— В студии МХАТа Володя был заметным студентом. То, что его уже на первом курсе пригласили играть в «Гостинице «Астория», пусть даже на роль без слов, говорит само за себя. Он был организатором и непременным участником многочисленных капустников, которые проводились в студии. На одном из них исполнял сразу две роли — Чаплина и Гитлера. Потом в этих ролях я видела его на сцене профессионального театра, и, вы знаете, мне показалось, что на студийной сцене они были более яркими, какими-то более острыми. Правда, может быть, это зависит от силы первого впечатления. Во всяком случае после окончания студии МХАТа Володя получил сразу несколько предложений от московских театров. Совершенно точно помню, что его брали в театр имени В. Маяковского. Но он ставил условие — я должна работать с ним вместе. К моему сожалению, театр имени В. Маяковского меня взять не мог: по своему амплуа я не подходила для него, а на вариант — он в Маяковском, а я в каком-то другом театре — он не соглашался. Потом нам предложили театр имени А. С. Пушкина. Но на просмотре я поссорилась с главным режиссером, и в труппу меня не приняли. Так вот и получилось, что у нас за семь лет супружеской жизни выпала одна зима, когда мы жили, как говорят, под одной крышей, в квартире на проспекте Мира. Я была свободной от работы и, наверное, поэтому тем больше переживала за первые шаги Володи на театральной сцене.
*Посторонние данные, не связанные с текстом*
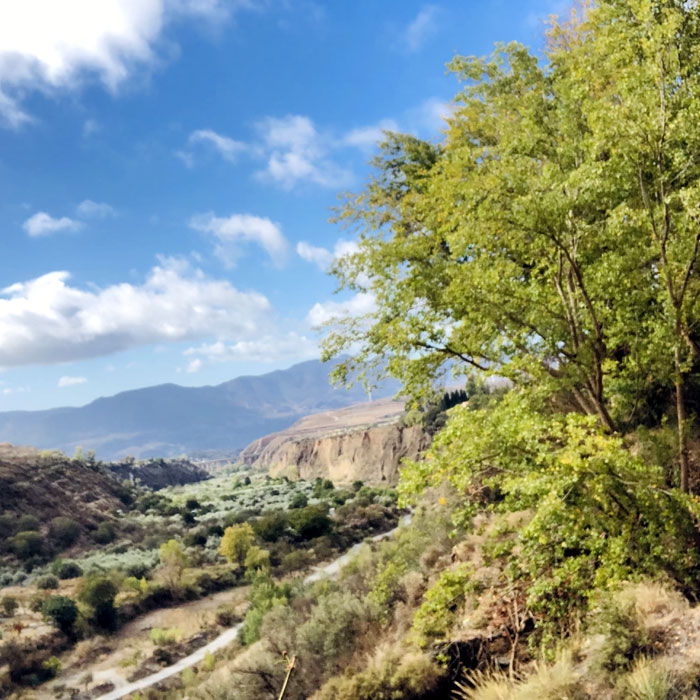 Sightseeing Andalucia, Granada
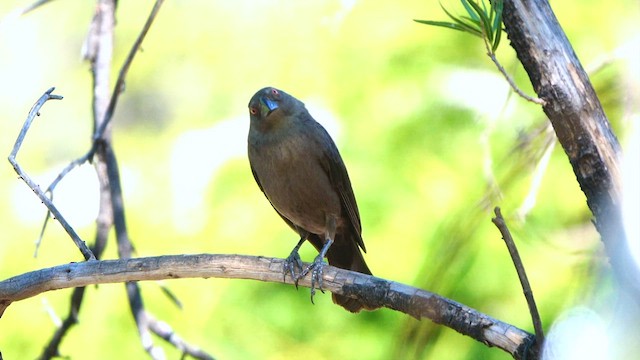 Bronzed Cowbird - ML638040089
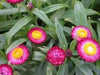 STRAWFLOWER SEEDS - Rose/Pink,Great for Cut flowers - Caribbean garden seed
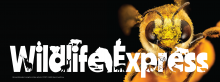 Wildlife Express Banner: Bees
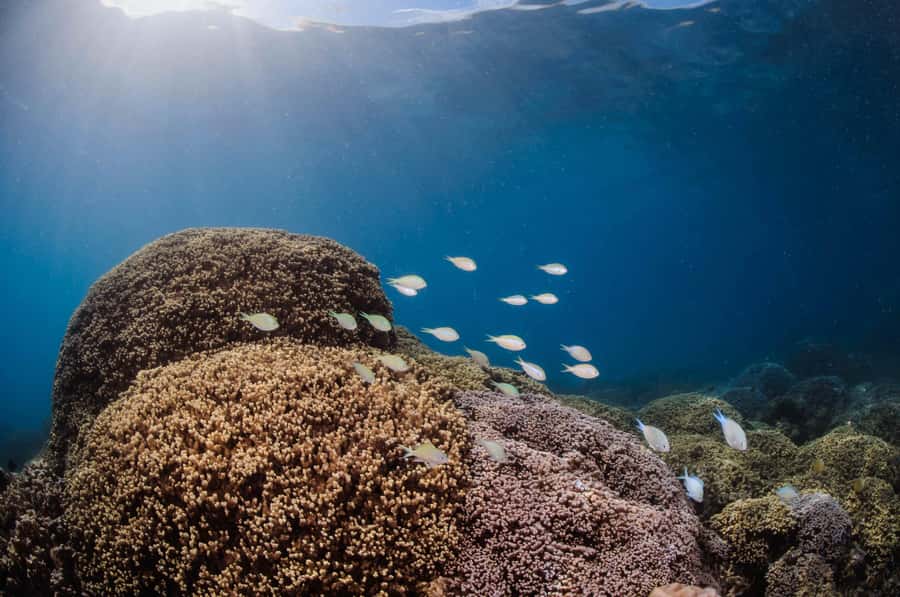 Bora Bora: Introductory Dive - The Equipment and What You Bring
К сожалению, начало творческой биографии у него не сложилось. Главный режиссер предложил ему большую роль в спектакле «Свиные хвостики», но роль возрастную — герою, председателю колхоза, уже пятьдесят лет, а исполнителю только-только за двадцать. Уже это одно приводило Володю в недоумение и вызывало естественный страх перед ролью. А кроме того, главный режиссер сразу назначил на ту же роль другого актера, для которого она была ближе и по возрасту, и по характеру. В общем, Володя и не репетировал эту роль, хотя и выучил весь текст, в спектакле в ней так и не выступил. Выходил только в массовке. А если учесть, что и в следующем спектакле он был занят лишь в массовке, то можно себе представить, какая большая моральная травма это была для молодого актера, к тому же одаренного, и к чему она могла привести. И привела.
И до этого времени у нас было много интересных друзей, знакомых: кто-то из них писал пьесы, кто-то карти-ны, кто-то интересовался музыкой. Собирались мы часто, и порой до утра не затихали споры, какие-то веселые рассказы. Это были отнюдь не пьяные застолья: на столе могла до утра простоять непочатая бутылка вина — мы пьянели от радости творческого, человеческого общения.
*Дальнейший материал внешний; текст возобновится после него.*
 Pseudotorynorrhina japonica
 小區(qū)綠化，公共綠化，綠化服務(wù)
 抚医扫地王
А вот в театре после всех этих неурядиц у Володи начались срывы. Увольняли его не раз. Но у него была заступница — великая женщина и великая актриса, единственная женщина, к которой я по молодости ревновала Володю. Это — Фаина Григорьевна Раневская. Они обожали друг друга. И как только его увольняли, Фаина Григорьевна брала его за руку и вела к главному режиссеру. Видимо, она чувствовала в этом, тогда еще, по сути дела, мальчишке, который в те-атре-то ничего ие сделал, большой неординарный талант.
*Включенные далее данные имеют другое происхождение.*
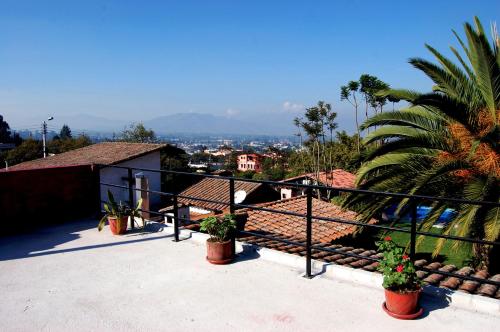 einen Balkon mit Topfpflanzen und einer Palme in der Unterkunft Hotel Venus de Valdivia Aeropuerto in Tababela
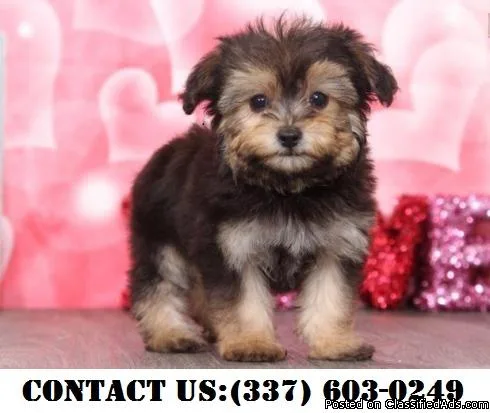 Elegant Yorkipoo Puppies for Adoption
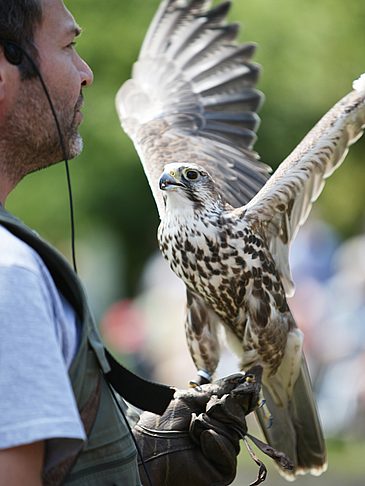Tierpark Hellabrunn  - Bayern (München)
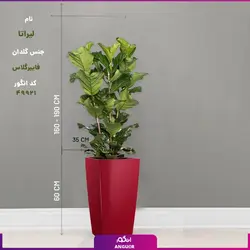 خرید گلدان هدیه لوکس فایبر گلاس با فیکوس آفریقایی لیراتا (140 - 160سانتی) زیر گلدانی چرخدار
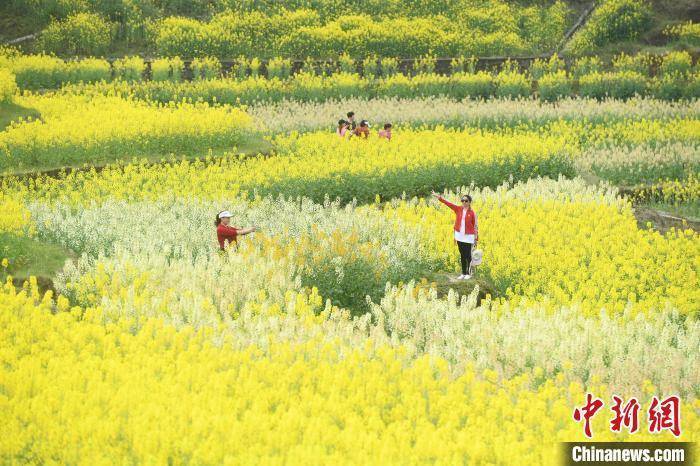 重庆|重庆菜花节：村民舞龙迎客 市民赏花踏青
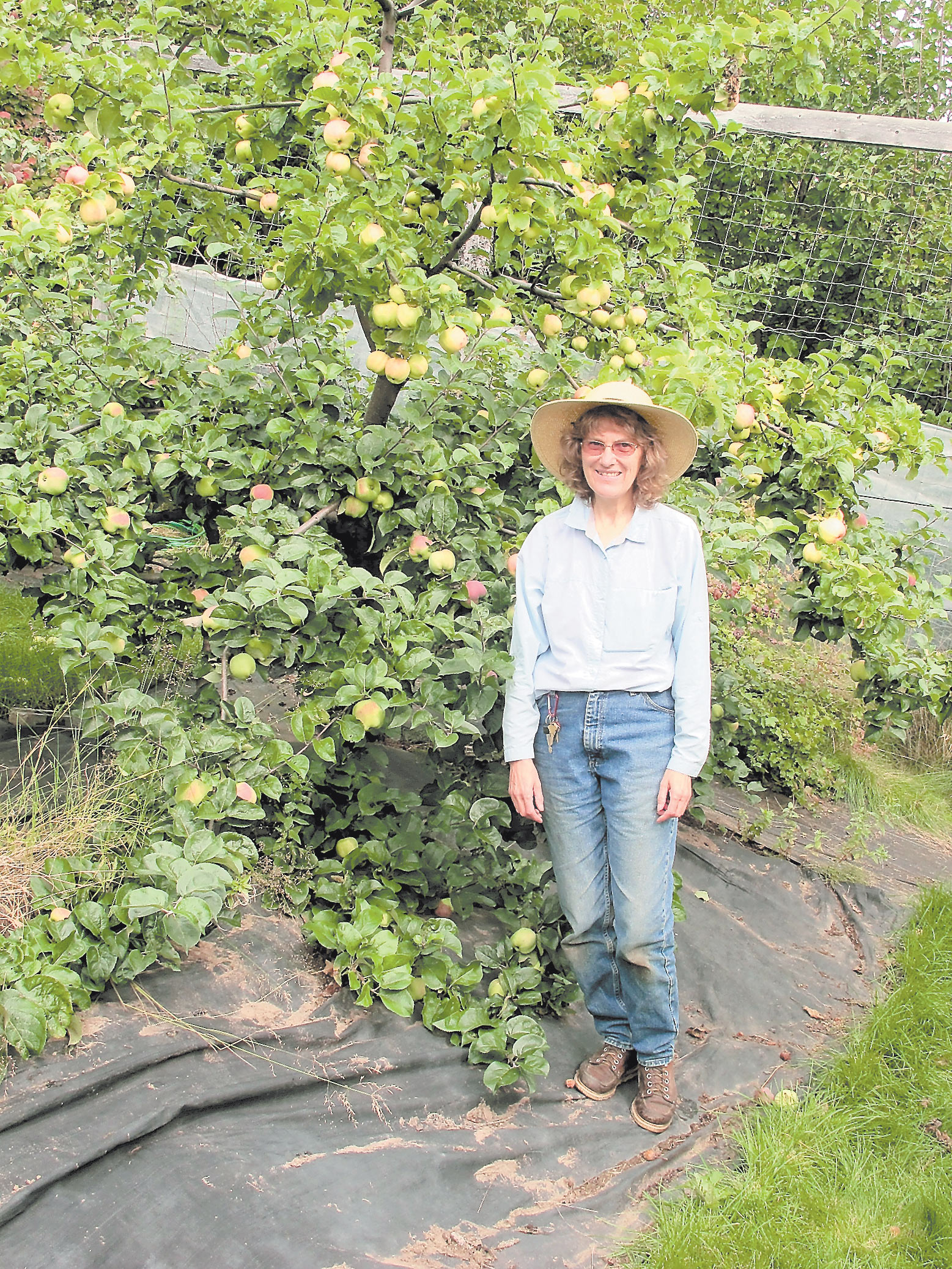 Judith James tends dozens of fruit tree spread among three orchards off East End Road.-Photo by Toni Ross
Володя и сам предпринимал шаги, чтобы расстаться с театром имени А. С. Пушкина. Когда я в 1961 году уехала работать в театр в Ростов-на-Дону, туда же решил перейти и Володя. Прислал туда документы и был даже назначен на роль в спектакле «Красные дьяволята», правда, не помню, на какую. Но в это же время он получил приглашение сниматься в кинофильме «713-й просит посадку» (это была уже вторая его работа в кино), а затем перешел в Театр на Таганке. Здесь он нашел и режиссера, который в него поверил, и коллектив единомышленников. Здесь, в этом театре, он состоялся и как исполнитель своих песен, и как поэт.